Material for the task below:

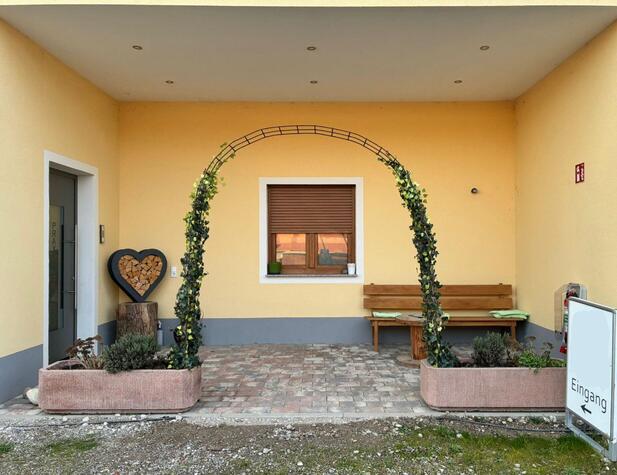 Moderne, lichtdurchflutete Praxis-/Brorume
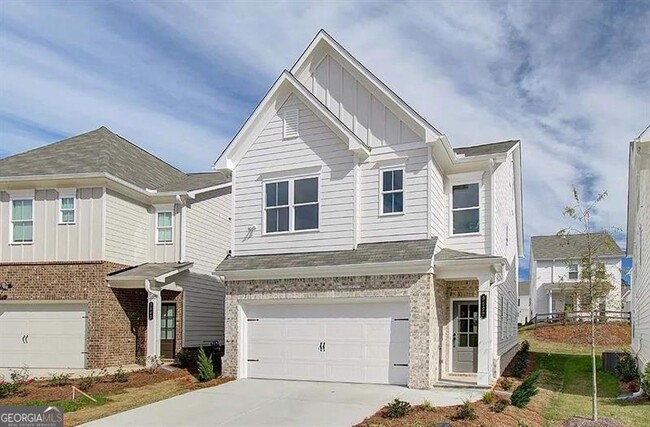Building Photo - 5057 Woodland Hls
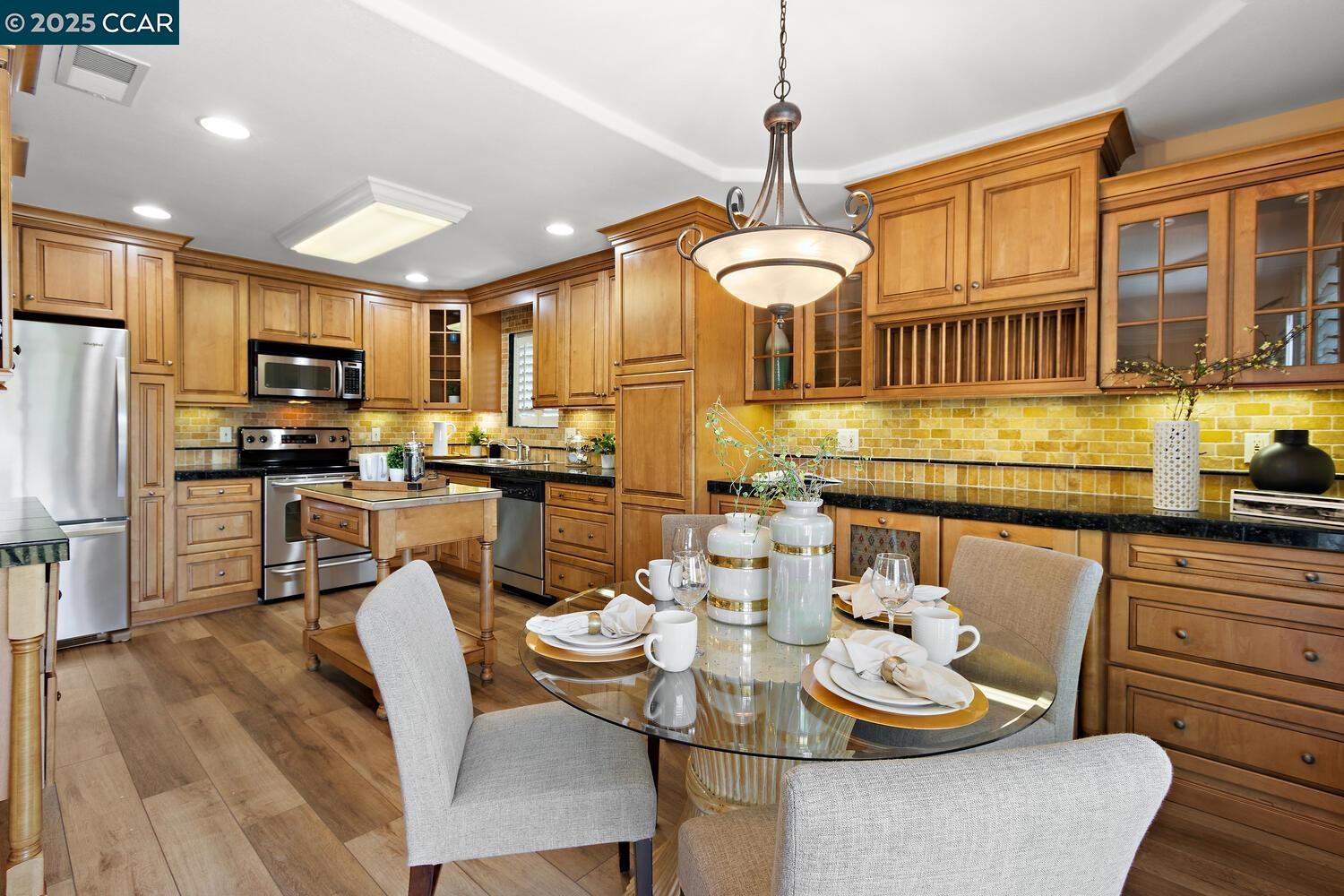 Photo #11: 41109845 Listing: Photo #11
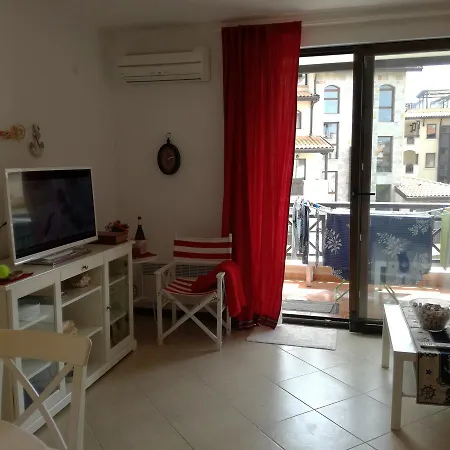 Апартамент Oasis Resort& *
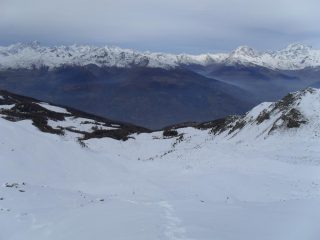 la traccia di salita con vista sul fondovalle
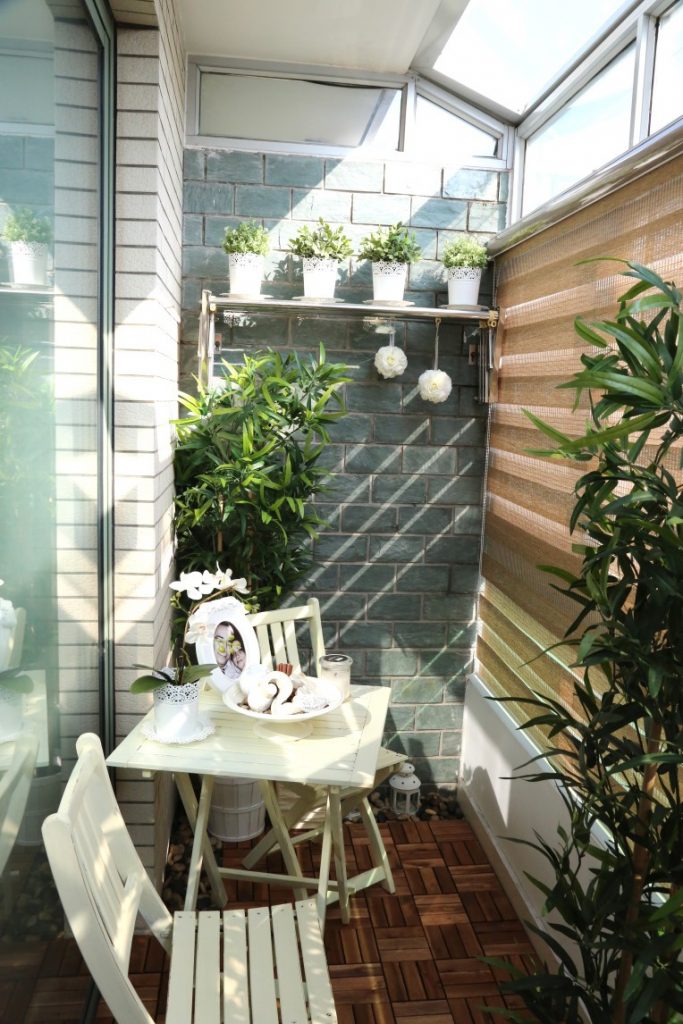 Sau: Sử dụng cây xanh, mành che, ghế ngồi … để biến ban công phòng ngủ thành một không gian lãng mạn để chuyện trò cùng nhau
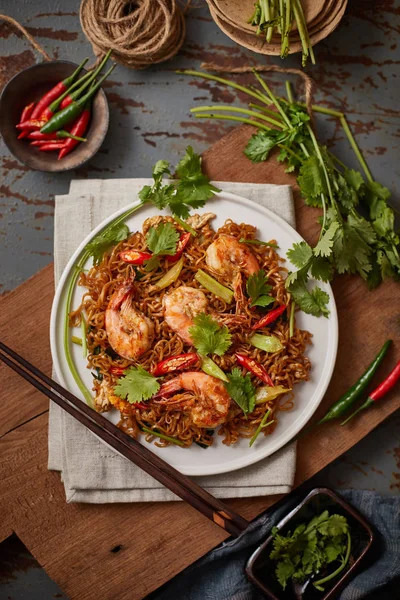 Mescolare tagliatelle fritte con gamberetti e verdure — Foto Stock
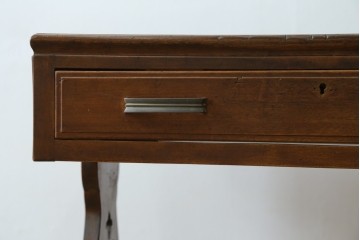 和製アンティーク　昭和を感じさせるレトロな雰囲気が魅力的な透かし彫り入り片袖机　(R-079077)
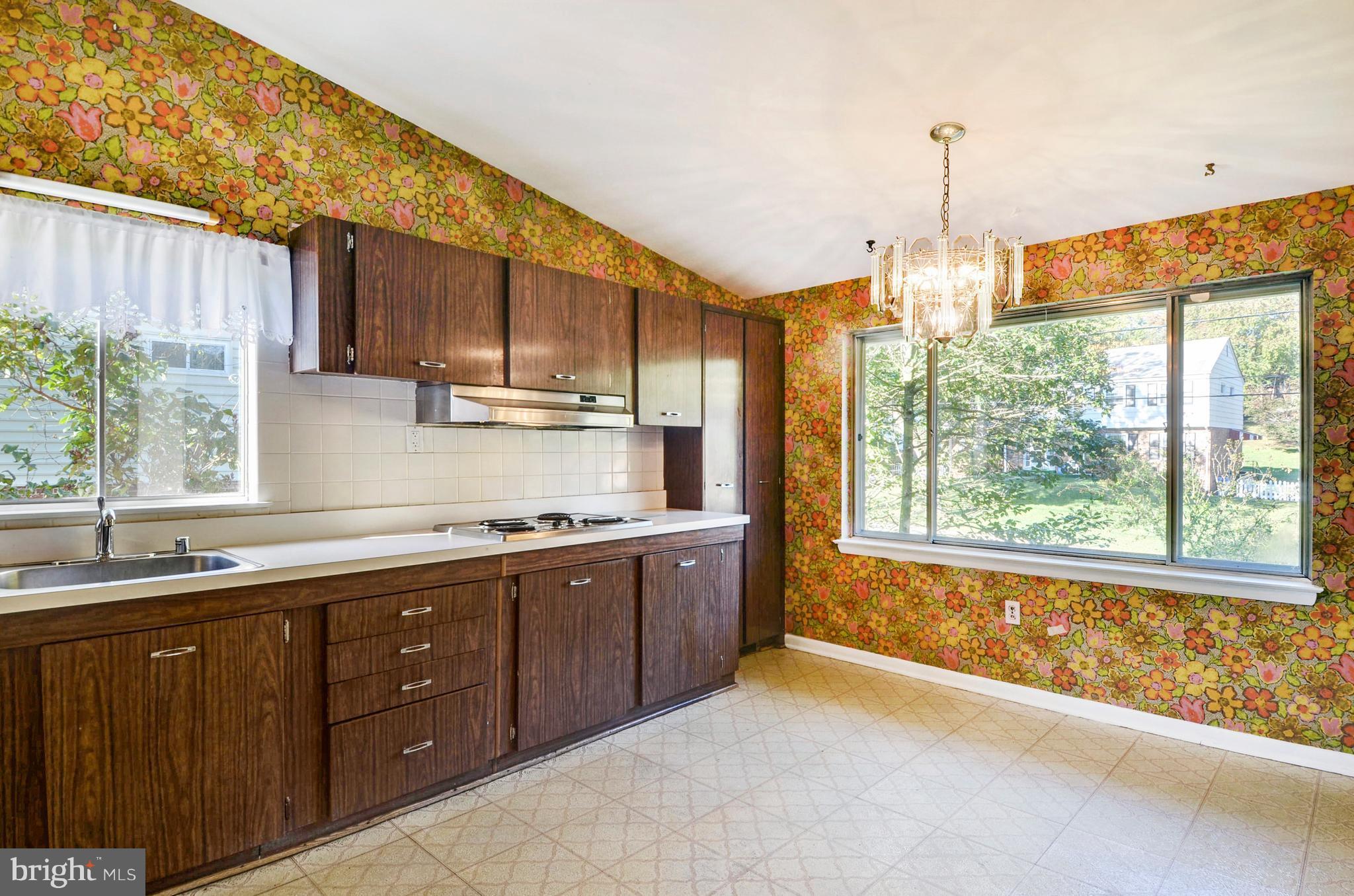 KEMP MILL ESTATES - Residential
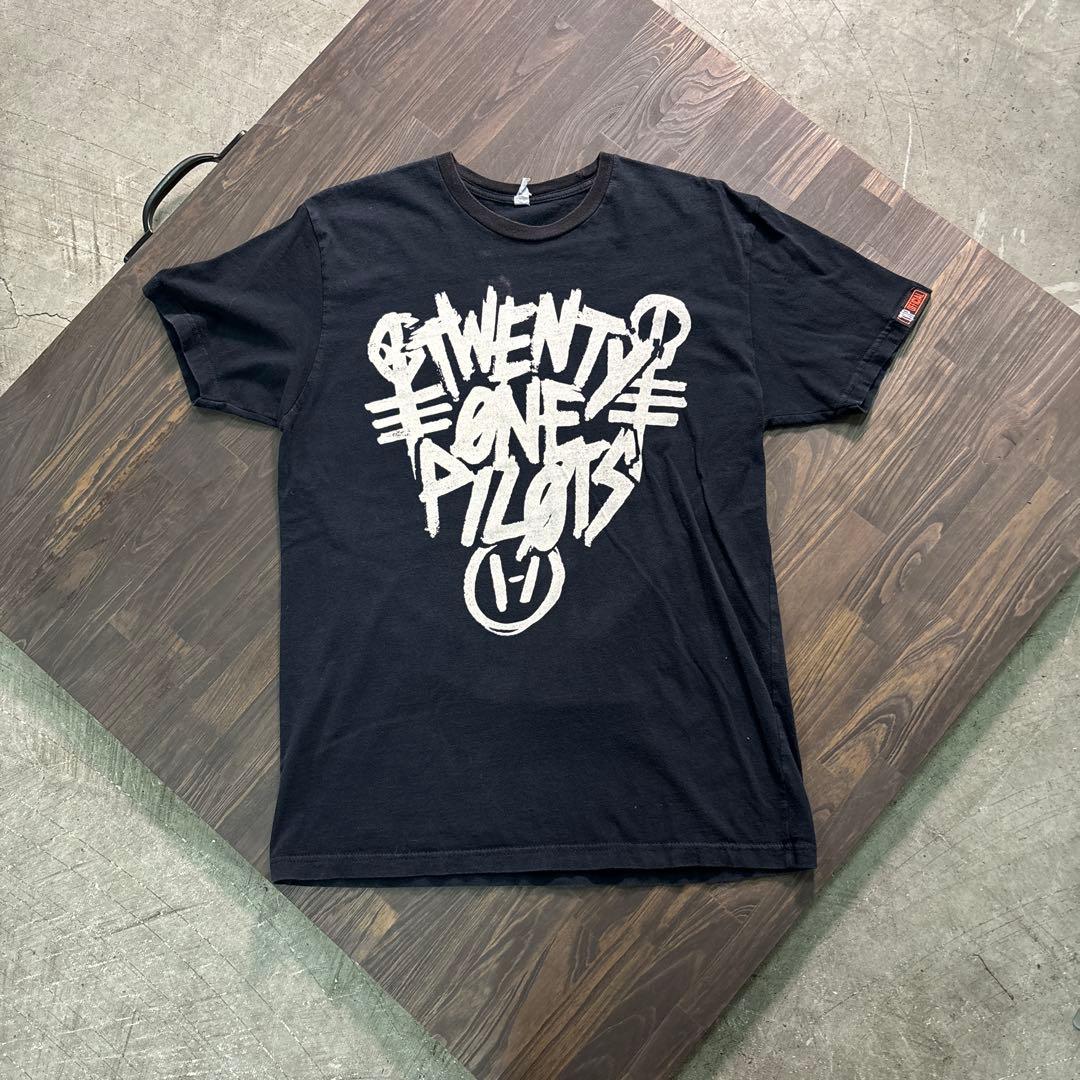 8SM1 トゥエンティワンパイロッツ　バンドTシャツ　黒　M 古着 used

End of Material for the task.

No pictures belong in the copy; output every record exactly.

Solution to this exercise ::
 Moderne, lichtdurchflutete Praxis-/Brorume
Building Photo - 5057 Woodland Hls
 Photo #11: 41109845 Listing: Photo #11
 Апартамент Oasis Resort& *
 la traccia di salita con vista sul fondovalle
 Sau: Sử dụng cây xanh, mành che, ghế ngồi … để biến ban công phòng ngủ thành một không gian lãng mạn để chuyện trò cùng nhau
 Mescolare tagliatelle fritte con gamberetti e verdure — Foto Stock
 和製アンティーク　昭和を感じさせるレトロな雰囲気が魅力的な透かし彫り入り片袖机　(R-079077)
 KEMP MILL ESTATES - Residential
 8SM1 トゥエンティワンパイロッツ　バンドTシャツ　黒　M 古着 used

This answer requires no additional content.